Sudeste reduz custos com maior oferta de insumos
No Sudeste, o custo alimentar encerrou março 1,79% abaixo da média trimestral, influenciado principalmente pela queda nos insumos energéticos e proteicos.
Os destaques foram:
- Energéticos: queda de 8,74%
- Proteicos: queda de 5,11%
- Volumosos: alta de 43,75%
Entre os energéticos, houve recuo no preço do sorgo (-15,3%) e do milho (-1,5%), reflexo da maior disponibilidade e competitividade de coprodutos agroindustriais.
Nos proteicos, a redução foi puxada pela torta de algodão (-8,2%) e pelo DDG (-2,1%). Apesar da forte alta nos volumosos, especialmente silagem de cana (+65,1%) e bagaço de cana (+23,3%), o custo total da dieta foi reduzido na região.
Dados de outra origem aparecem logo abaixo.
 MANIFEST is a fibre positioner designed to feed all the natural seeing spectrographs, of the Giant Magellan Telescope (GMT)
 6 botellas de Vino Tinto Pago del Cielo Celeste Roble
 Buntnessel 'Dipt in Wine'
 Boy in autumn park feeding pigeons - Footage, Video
Rentabilidade do confinamento atinge níveis recordes
A relação entre custo alimentar e preço da arroba manteve o confinamento em um dos melhores momentos de lucratividade da série recente.
No mercado físico:
- Centro-Oeste
- Custo da arroba produzida: R$ 192,76
- Preço da arroba: R$ 345,00
- Lucro: R$ 1.278,79 por cabeça
- Sudeste
- Custo da arroba produzida: R$ 193,50
- Preço da arroba: R$ 350,00
- Lucro: R$ 1.267,65 por cabeça
As duas regiões registraram crescimento superior a 24% na rentabilidade em relação a fevereiro, com margens acima de R$ 1,2 mil por animal.
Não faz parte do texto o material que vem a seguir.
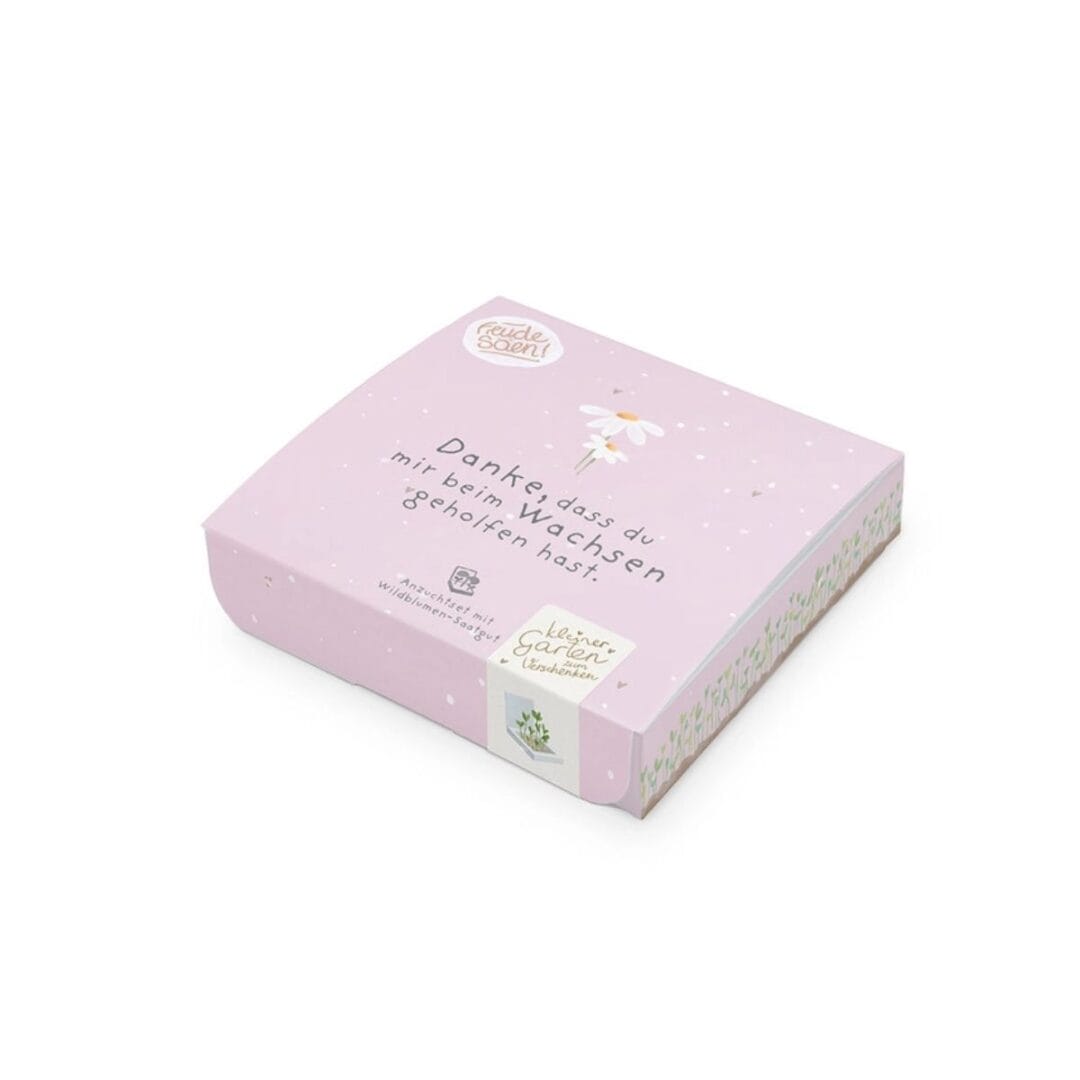 Aus dem Pflanzkästchen "Dankschön" wachsen Wiesen-Margeriten.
Convergência de custos e competitividade entre regiões
Outro destaque foi a forte aproximação no custo por arroba produzida entre as regiões. A diferença caiu para apenas R$ 0,74 em março, ante mais de R$ 17 no mês anterior.
Esse movimento indica uma equalização da competitividade entre Centro-Oeste e Sudeste, reforçada também por um empate técnico na lucratividade — com diferença inferior a R$ 12 por cabeça.
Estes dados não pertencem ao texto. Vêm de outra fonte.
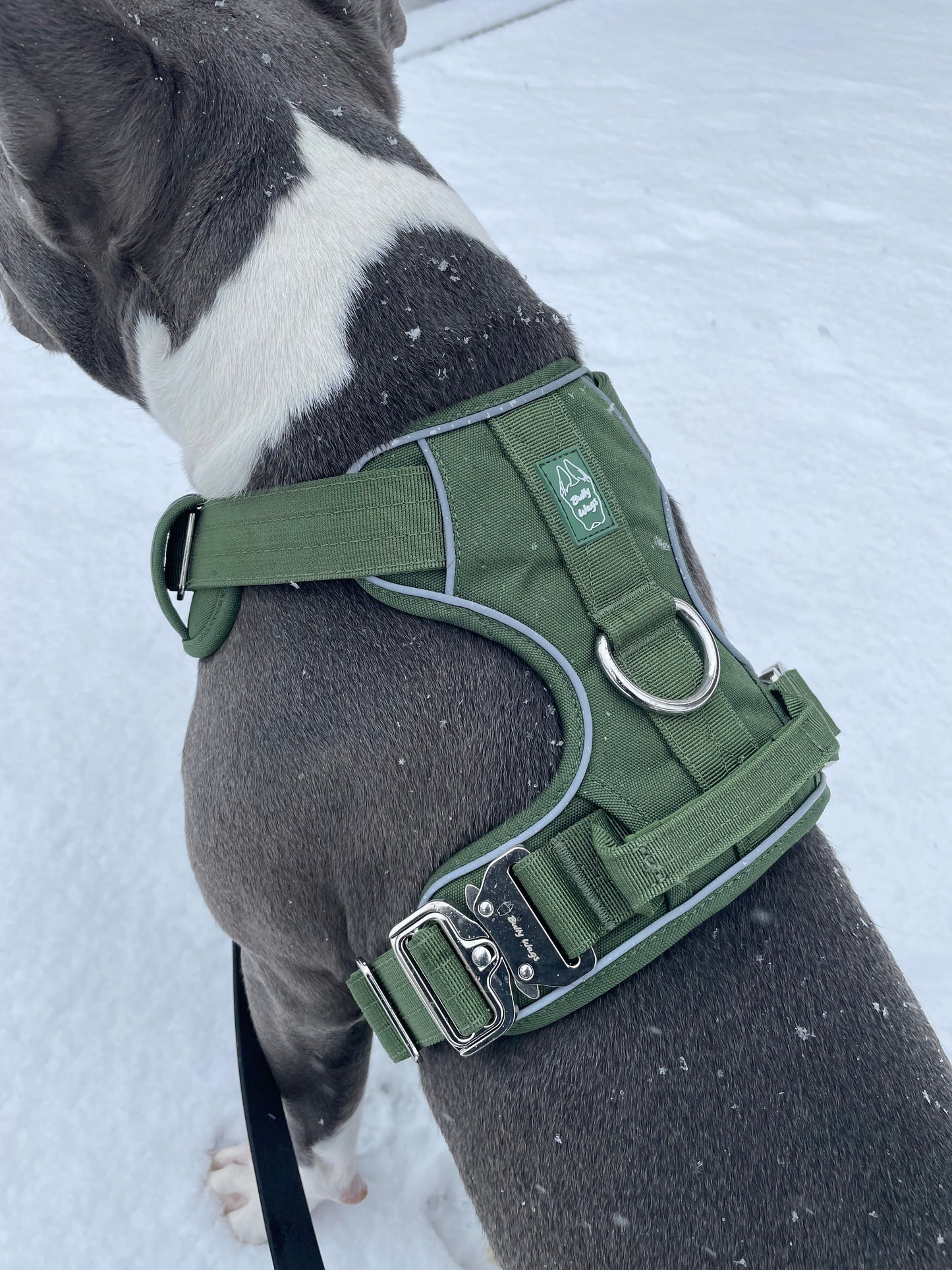 Heavy-Duty Everyday Harness - Cactus Green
No mercado de exportação, o Sudeste apresenta leve vantagem, com lucro estimado em R$ 1.324,35 por animal, impulsionado por preços mais elevados do boi destinado à China.
Inversão de custos levanta dúvidas sobre tendência para 2026
A mudança no padrão regional de custos, considerada atípica para a pecuária brasileira, levanta questionamentos sobre sua continuidade.
Enquanto o Centro-Oeste foi pressionado pela alta dos energéticos (+16,55%) e volumosos (+15,18%), o Sudeste se beneficiou da queda nos energéticos (-9,56%) e proteicos (-7,71%), favorecida pela maior oferta de coprodutos.
A consolidação ou não desse novo cenário dependerá, principalmente, do desempenho da safrinha de milho ao longo do ano.
ICAP se consolida como ferramenta estratégica no confinamento
O ICAP é calculado com base em dados de confinamentos monitorados por tecnologias de gestão, incluindo sistemas amplamente utilizados no Brasil.
O índice reúne milhões de registros de alimentação animal e permite acompanhar mensalmente a evolução dos custos nas principais regiões produtoras.
Segundo especialistas, a ferramenta tem se consolidado como apoio estratégico para decisões de compra de insumos, análise de viabilidade econômica e planejamento da atividade de confinamento.